El fraude y engaño no llega con el primer gran timador ni se termina con él. La televisión ocupo el trono de la prensa gráfica y los infocomerciales de los años 80 (al estilo “Llame ya”) ofrecieron oportunidades a nuevos Ponzi. Lo mismo hicieron, tiempo después, internet y las redes sociales.

Del banquero y corredor de Bolsa Bernard Madoff al gurú y coach ontológico Leonardo Cositorto y su Generación Zoe, la estafa en el siglo XXI adquirió distintas fisonomías (Esquema Ponzi, Piramidal -Telar de la Abundancia-, coaching financiero, franquicias falsas, etc.) para atender a una misma necesidad: multiplicar el dinero de manera casi mágica y, de ser posible, acceder al selecto club de los millonarios.
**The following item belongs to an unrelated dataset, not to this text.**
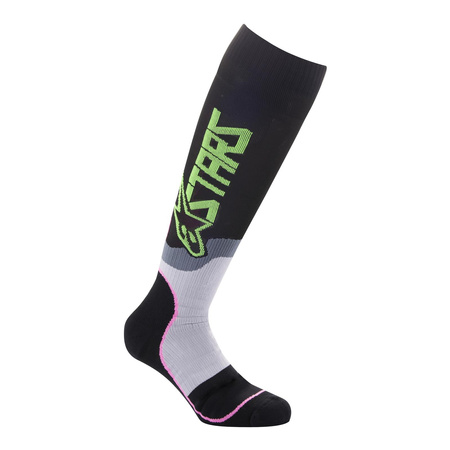 Skarpety ALPINESTARS MX PLUS-2 BLACK/NEON GREEN/FLUO PINK czarny szary zielony fluo różowy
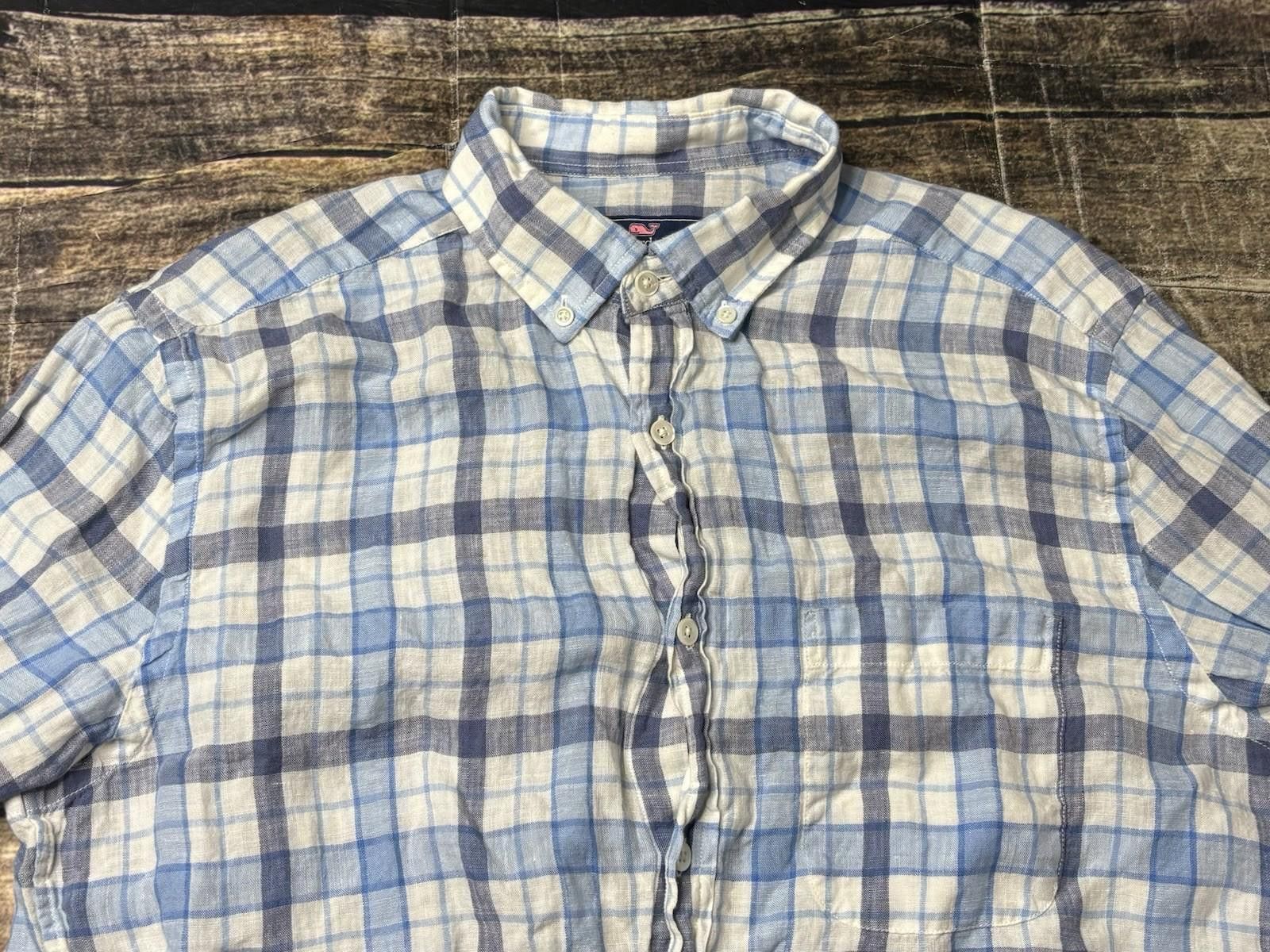 Vineyard Vines Vineyard Vines Shirt Mens Medium Linen Classic Murray Plaid Size US M / EU 48-50 / 2 - 4 Thumbnail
Los estafadores no necesitan que todos les crean. Alcanza con que sólo una parte compre lo que venden: espejos donde verse ricos (de tesoros escondidos en las entrañas de la tierra a las criptomonedas), ilusiones donde alimentar el ansia por “salvarse”, la urgencia por tener una vida mejor. Igual que Carlo Ponzi. Lo mismo que el verdadero Ponzi.